You couldn’t make it up: the dictator and the filmmaker in a love-in.
Actually, London’s Sunday Times thought I’d done just that when I wrote an editorial this past February on the Venezuelan referendum and my Newsnight interview: their legal department called me in New York seeking confirmation that Oliver Stone was indeed making a film glorifying Chávez. They were afraid of being sued.
Well, they wouldn’t be sued now: Chávez and Stone did their best Posh ‘n’ Becks imitation on the red carpet in Venice last night.
Donning identical black suits, white shirts and chavista red ties, they strolled side-by-side, waving at the crowds, smiling at the cameras, one of which Chávez engagingly seized to jokingly take a picture himself. What an apt metaphor for his seizure of Venezuelan media, which his militias have attacked with tear gas and whose licenses he has personally suspended.
No one can work a crowd like Chávez. After all, he gets lots of practice with his Alo, Presidente broadcasts that blanket the airwaves every Sunday. A recent one was broadcast from Hato El Frío, a 200,000-acre estate he seized from the family of a close friend of mine.
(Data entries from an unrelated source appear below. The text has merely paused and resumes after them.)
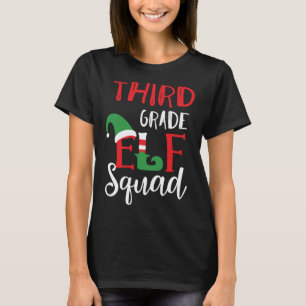 Camiseta Alf Squad, 3º ano do Professor de Natal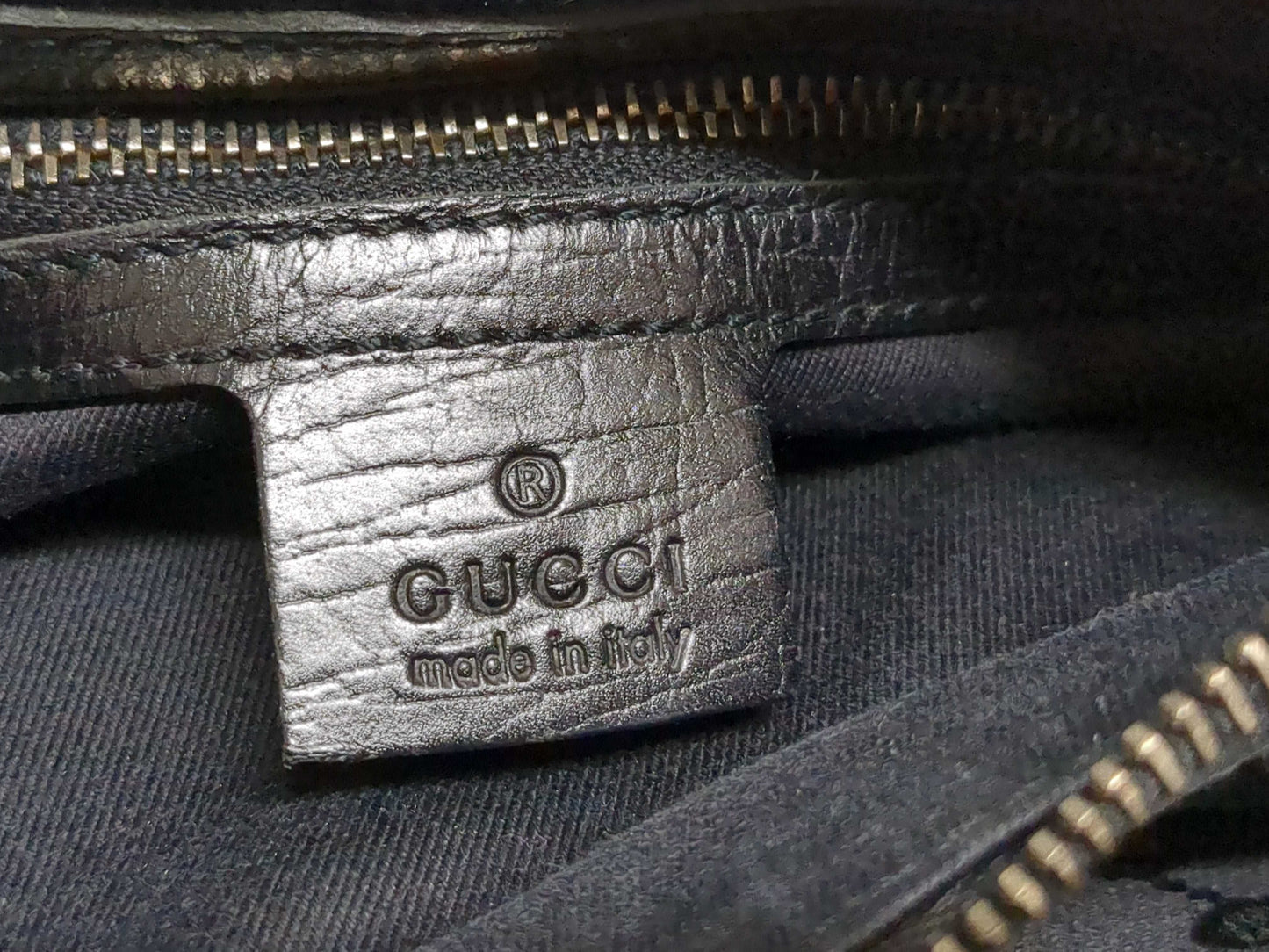 GUCCI GG Canvas Shoulder Bag x 2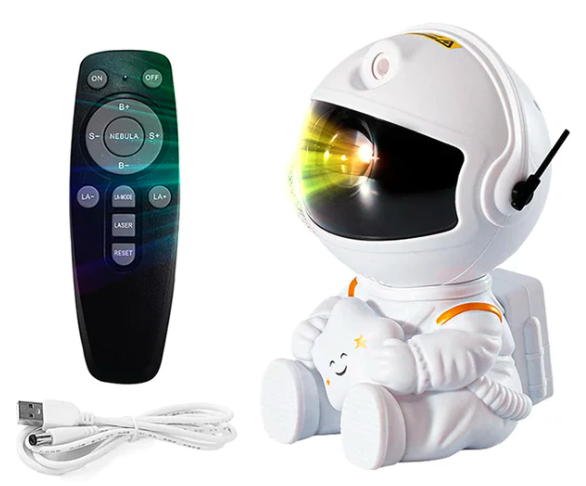 Projetor LED de Astronauta da Galáxia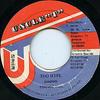 7inch Record FRANKIE PAUL - Too Hype NONE Uncle T Jamaica Reggae, Ska & Dub Used
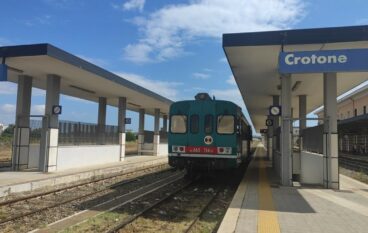 Crotone, operativa la biglietteria della stazione
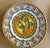Vintage Italian Glass Set of 6 Italian Decorative Italian Wall Plates – Made for Cottura For Sale - Image 4 of 8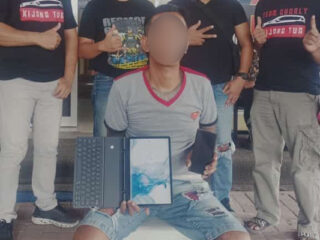 Terduga Pelaku Pencurian di Jalan Pumorow Banjer Diringkus Polisi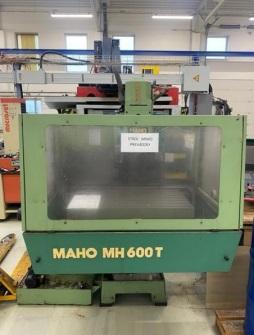 Milling machines - CNC - MH 600W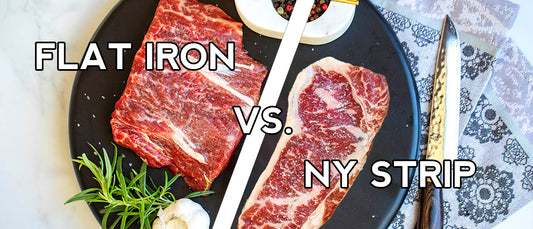 Flat Iron Steak vs. NY Strip: What's the Difference?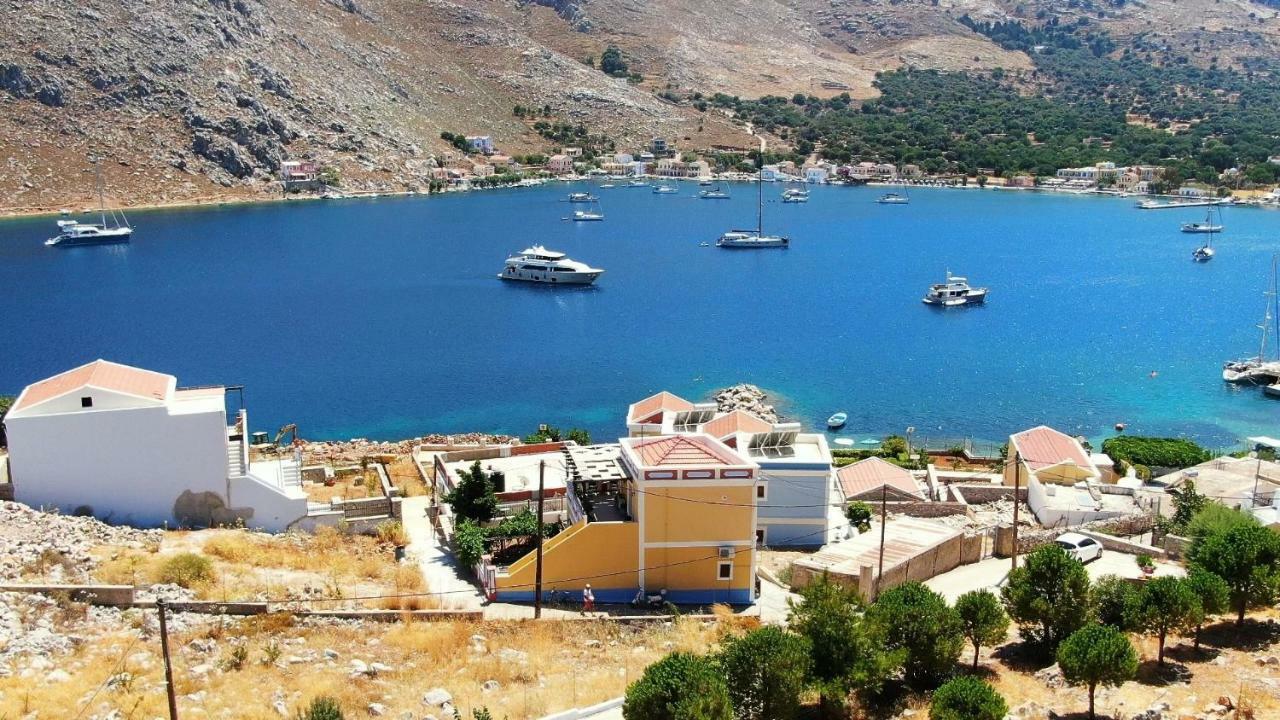Irene Double Apartment Anoi Symi Exterior photo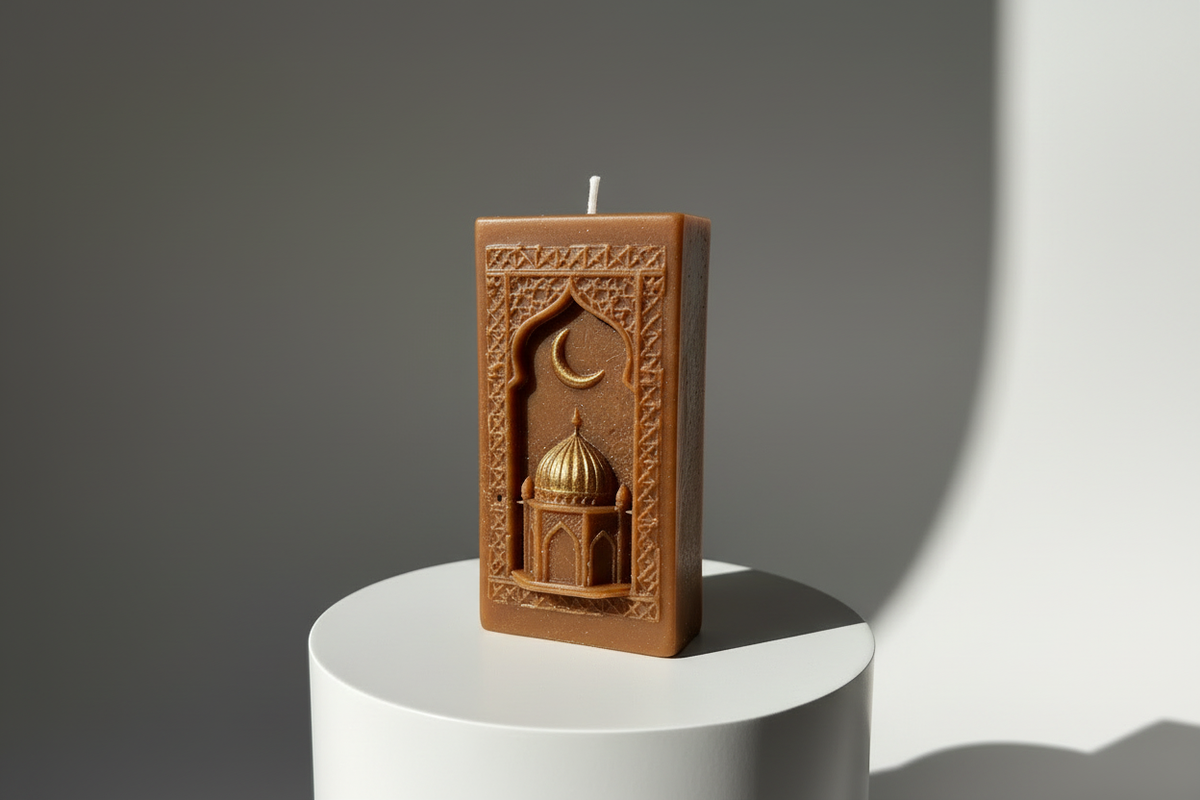 Brown Candle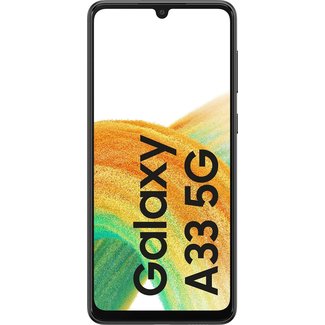 Samsung Galaxy A33 Zwart 5G 128GB
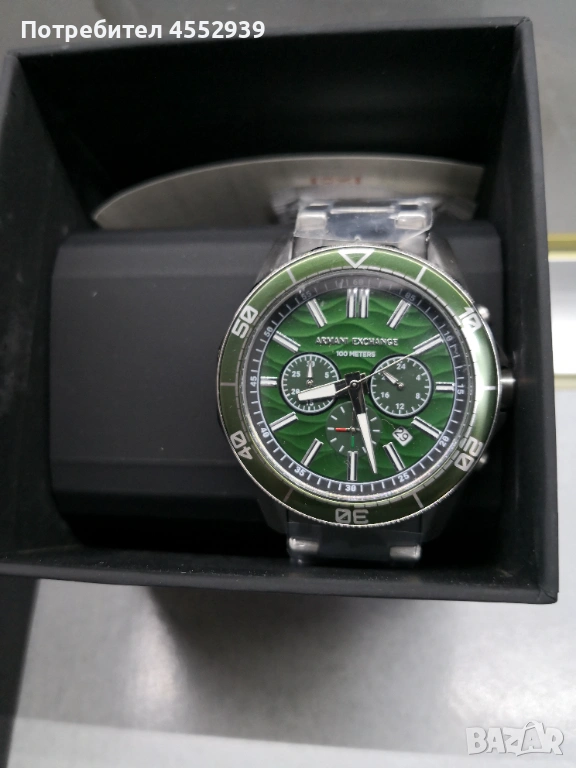 Часовник Armani Exchange оригинален, нов, снимка 1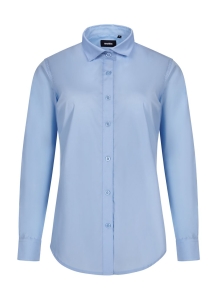 Camasa dama Sleeve cu maneci lungi, 65% poliester, 35% bumbac, densitate 115 gr/mp, 405011 Velilla-Sky Blue-05-XS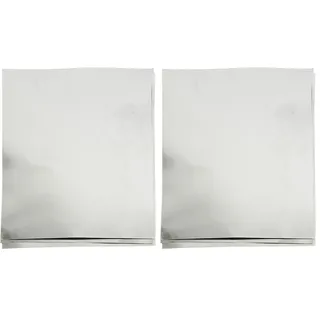 Creativ Company Prägefolie 21 x 0,9 cm Silber 10 Stück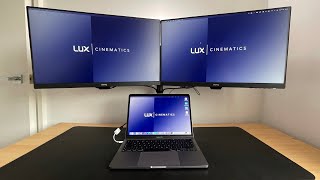 How to Set Up 2 Monitors For MacBooks Easy Guide [upl. by Chace308]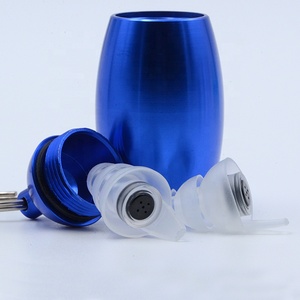 Bouchons <span class=keywords><strong>d</strong></span>'oreilles réutilisables en TPE de qualité médicale haute fidélité, réduction du bruit de 23 dB, étanches, anti-poussière, pour la musique, les <span class=keywords><strong>DJ</strong></span>, les concerts - Confortables - Product Image 5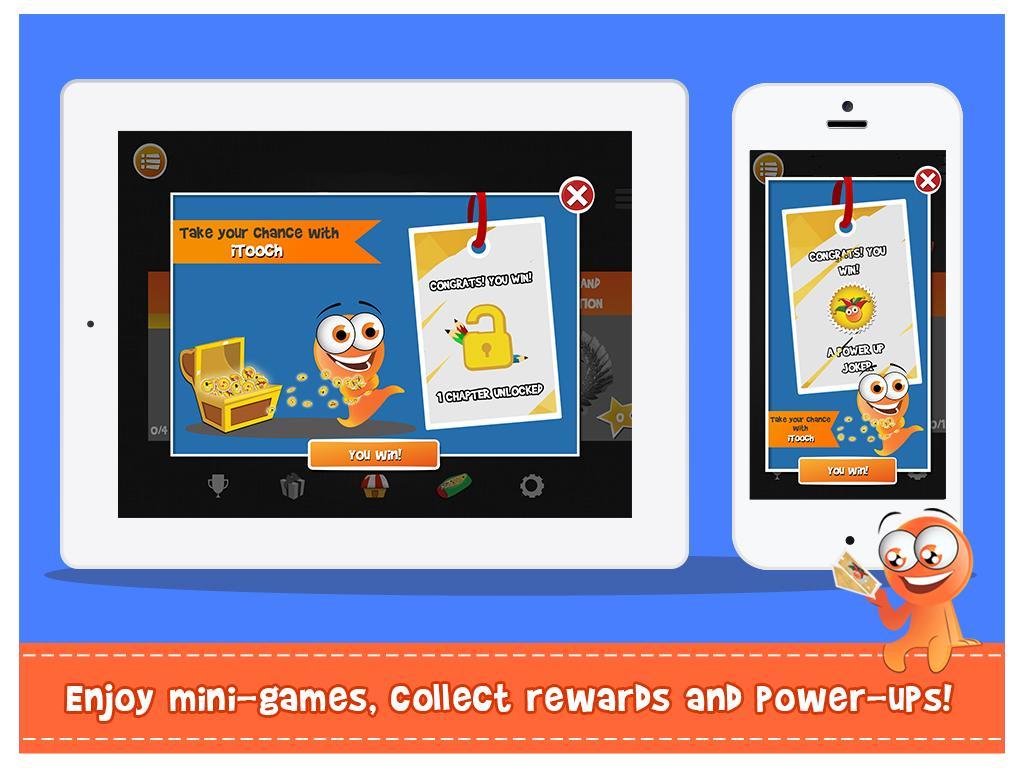 iTooch 7th Grade Language Arts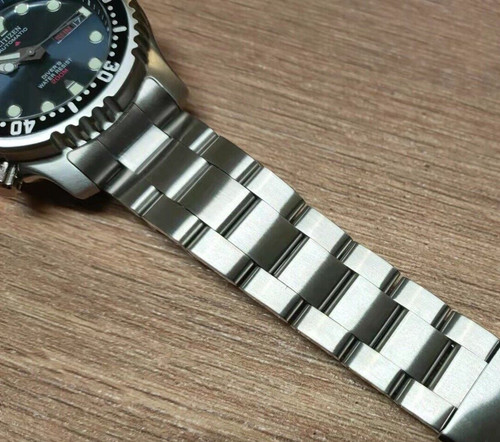 Bracciale acciaio inox oyster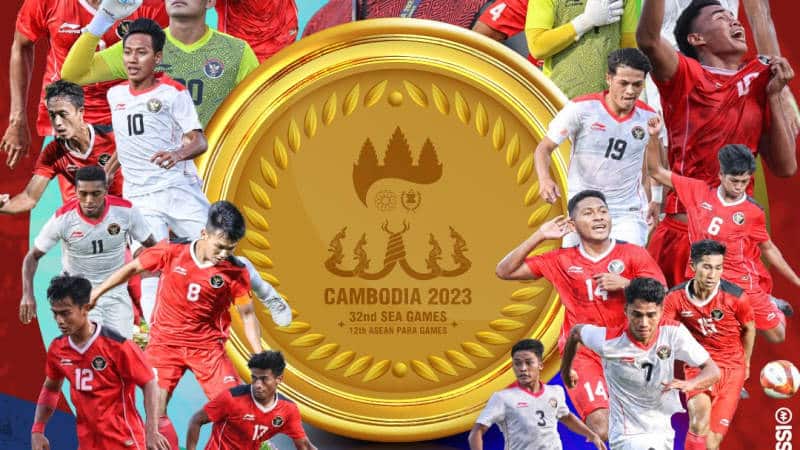 U22 Indonesia top 1 trên bảng xếp hạng bóng đá nam SEA Games 32 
Unsurprisingly, Stone’s film on Chávez, South of the Border, is less documentary and more glowing, brainwashed propaganda suffering afflicted by the film maker getting too close to his subject: flying on Chávez’s plane, riding bikes together, etc. Admittedly, Stone (by his own admission) has only spent “a few hours” with Chávez.
“South of the Border” apparently also features clips of the other “adherents” of Chávez’s Bolivarian revolution: Morales, Correa, Lula, Kirchner, completely betraying his ignorance of the nuances of regional politics. Lumping Lula in with Chávez is simply ludicrous. Regardless of Lula’s leftist rhetoric, he is an extremely shrewd pragmatist, who has actively undercut Chávez on many occasions. Chávez may like to think Lula is a protégé, but almost anyone can tell you that is certainly not the case — and not how Lula thinks of himself.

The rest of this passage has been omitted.